Horkheimer observa que la teoría tradicional se movilizó en consonancia con el expansionista del capitalismo más que por superar paradigmas de conocimiento, de modo que, las razones que han guiado el desarrollo científico habría que buscarlas fuera del ámbito de las investigaciones académicas: en las cumbres de mandatarios, foros mundiales y directorios de megacorporaciones, diría hoy Horkheimer, para quien las conquistas de la ciencia han sido en realidad las conquistas del capitalismo, es decir del poder hegemónico. Décadas después, el colectivo decolonial profundizaría la crítica de las relaciones entre el saber y el poder mediante el desarrollo de la colonialidad del poder para dar cuenta de la continuidad de propósitos entre colonialidad y modernidad. La expansión de una teoría hay que apreciarla como parte de un proyecto colonizador, como lo exponen Aníbal Quijano, Walter Mignolo, Santiago Castro-Gómez y el grupo decolonial, pero, además, siguiendo a Horkheimer, como una evidencia, otra más, de la complicidad del saber con el poder. 
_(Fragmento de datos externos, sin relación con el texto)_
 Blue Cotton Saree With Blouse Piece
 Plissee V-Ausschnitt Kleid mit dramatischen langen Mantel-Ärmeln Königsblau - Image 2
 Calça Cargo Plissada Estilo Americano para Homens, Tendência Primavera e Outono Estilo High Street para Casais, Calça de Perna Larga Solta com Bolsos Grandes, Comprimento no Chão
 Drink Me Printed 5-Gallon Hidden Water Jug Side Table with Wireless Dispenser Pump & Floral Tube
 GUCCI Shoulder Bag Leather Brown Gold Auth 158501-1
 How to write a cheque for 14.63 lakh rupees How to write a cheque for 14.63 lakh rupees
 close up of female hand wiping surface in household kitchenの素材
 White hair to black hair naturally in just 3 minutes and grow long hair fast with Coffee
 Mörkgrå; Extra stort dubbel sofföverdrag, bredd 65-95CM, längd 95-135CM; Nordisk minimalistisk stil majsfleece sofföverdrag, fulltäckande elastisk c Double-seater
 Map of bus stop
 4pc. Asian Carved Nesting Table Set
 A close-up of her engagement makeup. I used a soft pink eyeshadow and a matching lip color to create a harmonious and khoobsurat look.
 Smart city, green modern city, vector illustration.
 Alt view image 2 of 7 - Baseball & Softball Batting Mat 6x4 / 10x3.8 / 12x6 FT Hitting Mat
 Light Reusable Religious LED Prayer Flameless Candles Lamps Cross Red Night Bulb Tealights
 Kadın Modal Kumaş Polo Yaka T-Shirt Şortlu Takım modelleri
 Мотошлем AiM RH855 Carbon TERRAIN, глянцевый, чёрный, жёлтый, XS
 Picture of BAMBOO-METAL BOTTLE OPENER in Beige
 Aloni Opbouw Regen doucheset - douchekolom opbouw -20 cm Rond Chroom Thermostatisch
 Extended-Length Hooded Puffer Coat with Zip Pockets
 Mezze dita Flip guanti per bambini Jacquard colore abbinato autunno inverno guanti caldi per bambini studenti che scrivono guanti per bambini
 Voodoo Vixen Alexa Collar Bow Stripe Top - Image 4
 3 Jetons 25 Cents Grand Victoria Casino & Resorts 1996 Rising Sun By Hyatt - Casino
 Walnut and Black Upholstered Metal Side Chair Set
La actividad científica es parte de la división del trabajo, anota Horkheimer. La ciencia posee una función definida en la producción de conocimiento útil a propósitos extracientíficos, independientes del compromiso individual de cada científico con su labor. La ciencia es un área especializada en la producción de saber, una tecnología moral, un área dentro de la industria cultural.

Los aportes de la teoría crítica formulados en el seno de la Escuela de Frankfurt adquieren notoria vigencia en un contexto actual tan adverso al pensamiento crítico, en especial en lo que concierne al debate sobre las prácticas epistemológicas, la contextualización de la teoría y la confrontación contra el poder. Como lo advirtiera Edward Said, la preocupación de los humanistas en la profesionalización y el cultivo de la erudición derivó en que las humanidades percibieran el entorno social como una molestia, descuidando que, a fin de cuentas, un saber es lo que hacen aquellos que lo practican, es decir, que las humanidades son lo que piensan y lo que hacen los humanistas, y lo que hicieron la mayoría de ellos en los instantes más dolorosos de la humanidad fue resguardarse en su erudición, pero no emplear un ápice de su saber para transformar la desigualdad. Said nos dice con claridad que los humanistas le dieron la espalda a la humanidad.

Horkheimer contrasta la teoría tradicional con la teoría crítica pero ahondando más en la caracterización de la primera, en las implicancias de la relación que mantuvo con el capitalismo industrial. «Teoría tradicional y teoría crítica» es un agudo balance que arroja como resultado la necesidad de cambiar el modo en que se ha pensado y ejercido la teoría tradicionalmente, para reemplazarla por una teoría crítica frente a las determinaciones impuestas desde el capitalismo.